— ACTIVITY —
Below this line are records; transcribe exactly the lines between the one holding "We're sure that" and the one holding "Once that's done, you're", inclusive, and omit the pictures.

___ TASK MATERIAL

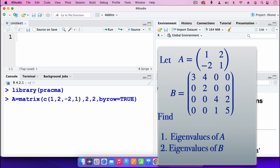Byrow equals true means that the elements we have entered are filling the matrix by row first — so 1, 2 fill the first row, then minus 2, 1 go to the next row. I'll go ahead and press enter.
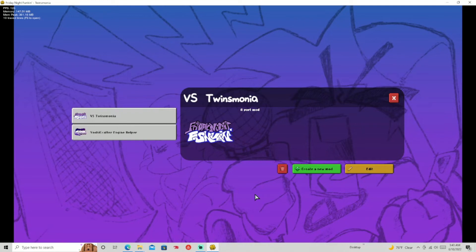Hey, what's up guys? It's Mr. Sound here, back with another video. Today I'm going to be teaching you guys how to use the chart editor in Yoshika After Engine.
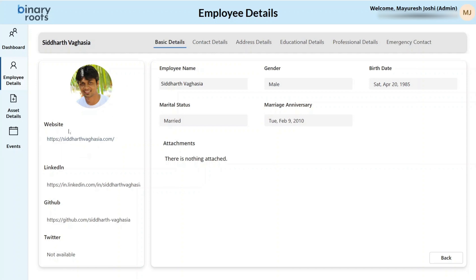For example, you can see their personal website, LinkedIn profile, GitHub profile, or a Twitter handle. You can also see the basic details, contact details, address details, educational details, as well as the professional details for that employee.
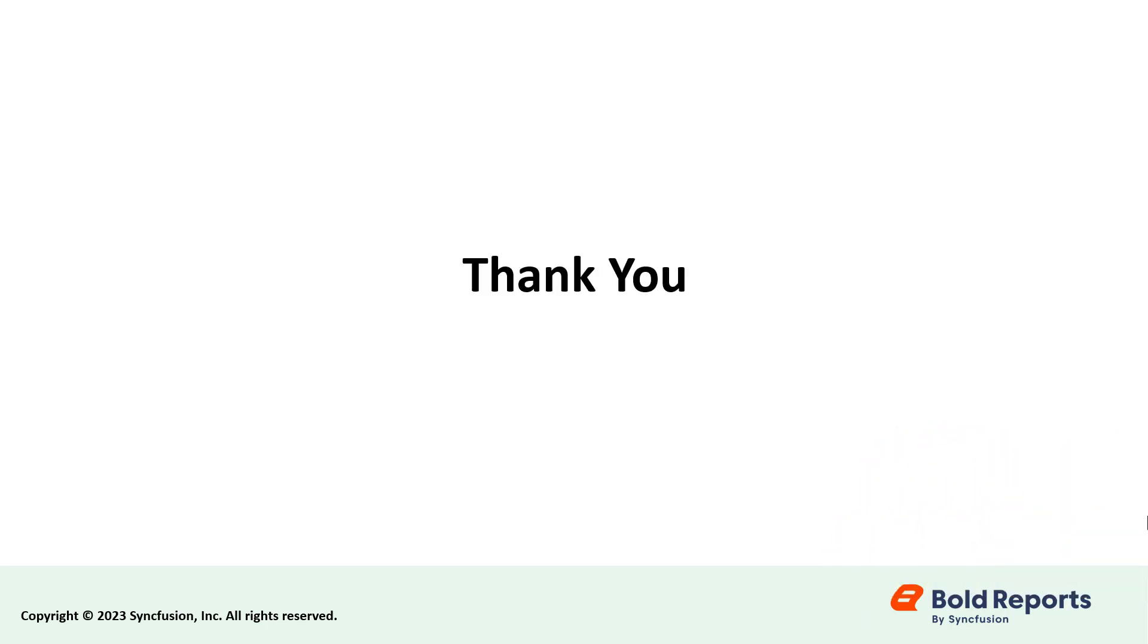If you found this video useful, don't forget to click the like button and subscribe to our channel to watch more videos like this. Thanks for watching.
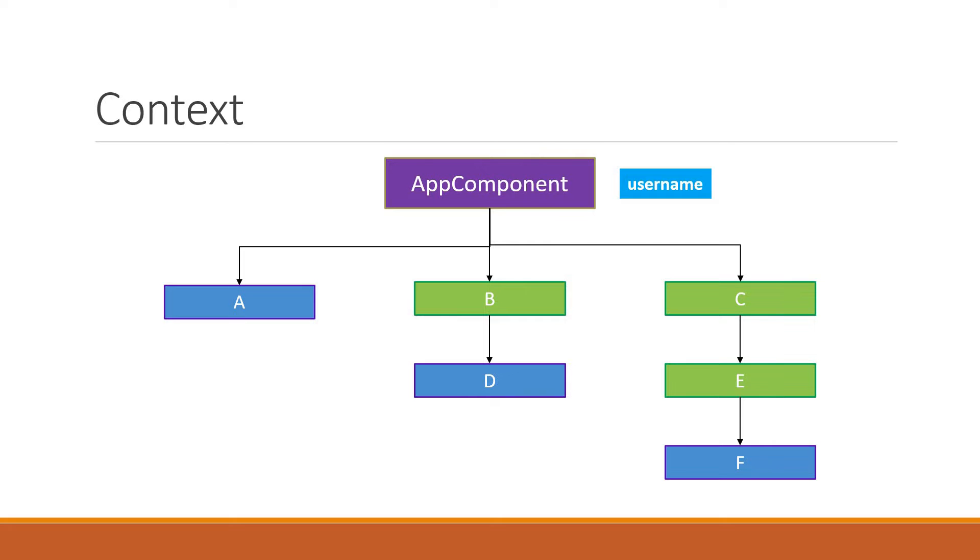So, to display the username in the nested components, we need to pass down the username as a prop. For component A, it is pretty straightforward. Directly pass it in as props.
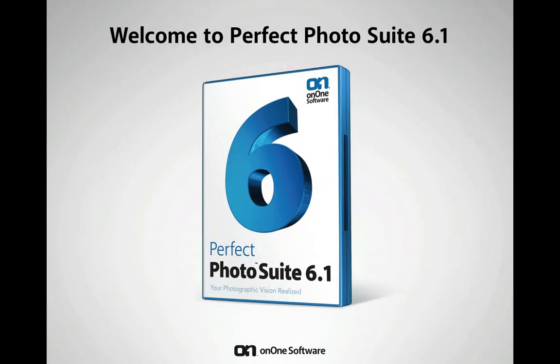We're sure that you're going to love the power that Perfect Photo Suite 6.1 provides. Be sure to check the onOne University for more videos on each of our products. Thank you very much.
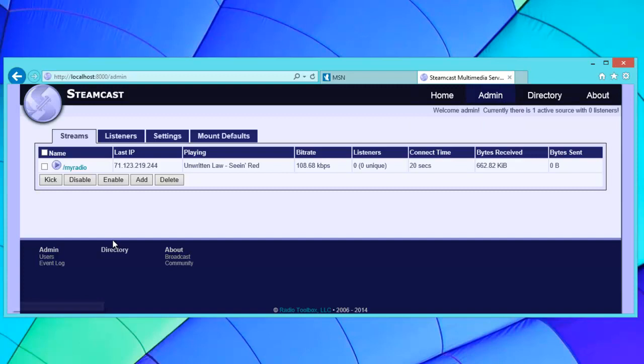Once that's done, you're now set to go. You're relaying. That should show you how simple and easy it is to relay with Steamcast. Thanks for watching this video, I hope you enjoyed it. Bye.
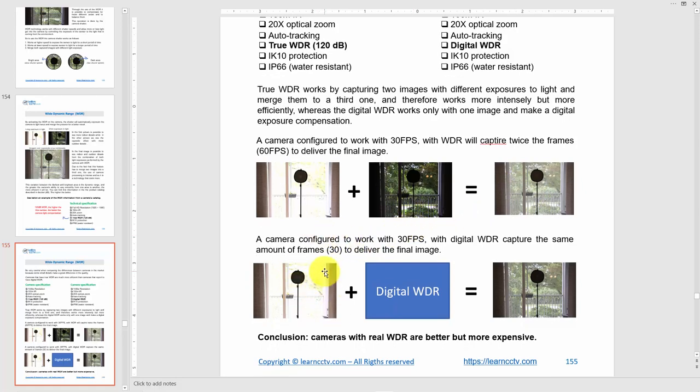With Digital WDR, the camera only captures one image, processes it, and delivers the final result. It requires less processing but doesn't achieve the same quality as True WDR. Be careful when buying Digital WDR cameras — they will be cheaper, but they won't deliver the same result.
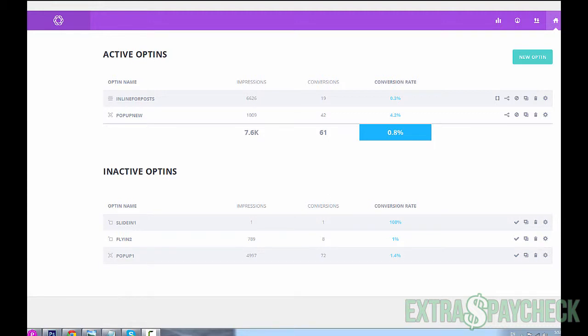Hey folks, Alex here from Extra Paycheck Blog. In this video I'd like to show you the Bloom plugin that I'm using for my email marketing, for my opt-in forms to be more precise, on my website and blog. What you see in front of you right now is the main window of Bloom.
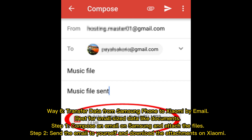Way 6: Transfer data from Samsung phone to Xiaomi by email, best for small size data like documents. Step 1: Compose an email on Samsung and attach the files. Step 2: Send the email to yourself and download the attachments on Xiaomi.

______

— RESULT OF THE TASK —
We're sure that you're going to love the power that Perfect Photo Suite 6.1 provides. Be sure to check the onOne University for more videos on each of our products. Thank you very much.
Once that's done, you're now set to go. You're relaying. That should show you how simple and easy it is to relay with Steamcast. Thanks for watching this video, I hope you enjoyed it. Bye.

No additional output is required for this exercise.